The Daughters of the American Revolution, a huge nationwide organization with 165,000 members, announced that it will award its highest honor to Vietnam veteran and Khe Sanh survivor Ken Rodgers. Ken and his wife Betty directed and produced an award-winning documentary called “Bravo! Common Men, Uncommon Valor” that tells the tale of the siege at Khe Sanh, and the world is starting to notice it.

Ken Rodgers at Khe Sanh (1968)
I have seen the movie and was riveted from beginning to end. It allowed the Marines who were there to describe in their own words the ordeals they faced during the eleven week siege.

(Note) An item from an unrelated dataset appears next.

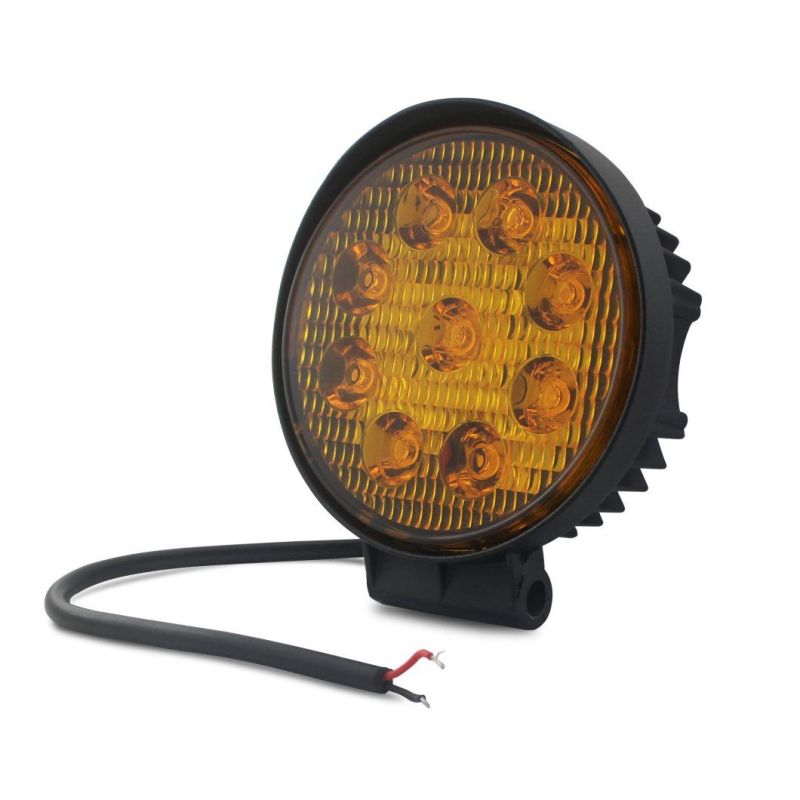 3inch Round Amber Car Truck Trailer Motorcycle Tractor Forklift Boat Lamp 9LED Flash Strobe Mini 27W LED Work Light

According to the National Society Daughters of the American Revolution’s press release, “Ken Rodgers, of Eagle, Idaho, will receive the Ellen Hardin Walworth Founders Medal for Patriotism on May 12 in Boise, the society announced in a statement. The medal honors an adult who has displayed “outstanding patriotism in the promotion of NSDAR’s ideals of God, home and country through faithful and meritorious service to our community, state and nation.”
Having had the privilege of knowing Ken and Betty, it is easy to say they deserve the honor; the movie is dramatic, emotional, and well-produced. But this award goes beyond the film. It will be presented to Ken – not the movie – for being the embodiment of someone who holds God, home and country as ideals around which he lives his life.
The survivors of Khe Sanh could have told us that.